Electrification, thanks to Tesla and Toyota, has become mainstream. What was once futuristic and Jetsonian — i.e. the incredibly awkward Honda Insight of the 1999 — has now become commonplace — as in the goofy, bulbous profile of the Prius. Instead of being asked “Why did you buy a hybrid?” you’re now more likely to be pressed as to why you didn’t. In other words, what was once unique has become conventional.
What hasn’t changed is that hybrids still command a premium. Oh, the price bump isn’t as big as it used to be, but with extra electric motors, batteries and gearboxes, it’s little wonder you have to pay more for their fuel-sipping ways.

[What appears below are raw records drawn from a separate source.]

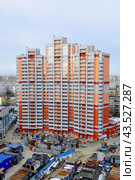 Фасад нового жилого дома.Санкт-Петербург (2001 год). Редакционное фото, фотограф Владимир Кошарев / Фотобанк Лори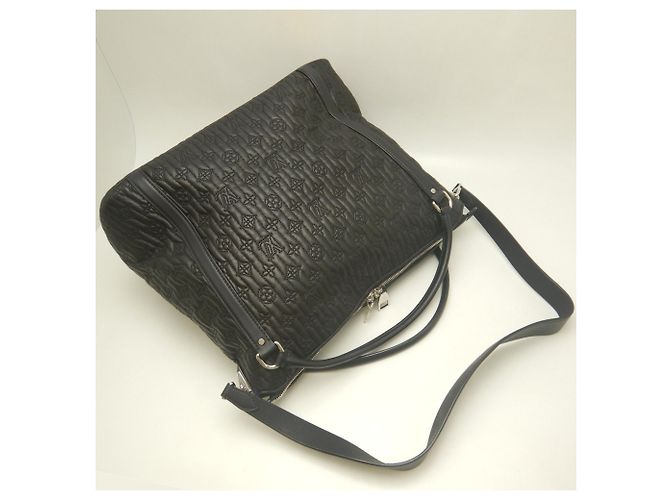 Saco Tote Louis Vuitton Monogram Anthea Ixia MM Preto - vista 3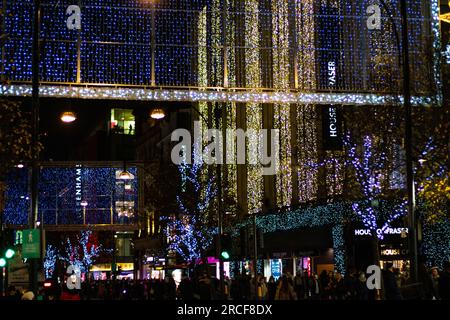 Immagini incredibili delle luci di Natale scattate durante il mio viaggio Foto Stock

How much of a premium you need to pay then is the question. So Moitruongvietnam.ca investigated the most cost-effective electrified vehicles sold in Canada, taking into account everything from MSRP to long-term fuel cost savings to pricing compared with their non-electrified siblings. Here then are the most cost-effective hybrids (and I don’t think we need to post a spoiler alert regarding the fact that Toyota figures prominently).
Overall best value
It’s hard to go wrong with a Corolla, the world’s best selling car of all time, and it’s equally hard to find serious fault with Toyota hybrids, so the combination of the two would seem pretty hard to beat. At $24,790, the new Corolla Hybrid is the simple grafting of the Prius powertrain to compact Corolla, lending a mainstream look to a futuristic technology. As for a value comparison, conventional Corollas start at $18,990, but that’s hardly a fair contrast since base gas versions — powered by a 132 horsepower, 1.8-litre four — come with a manual transmission.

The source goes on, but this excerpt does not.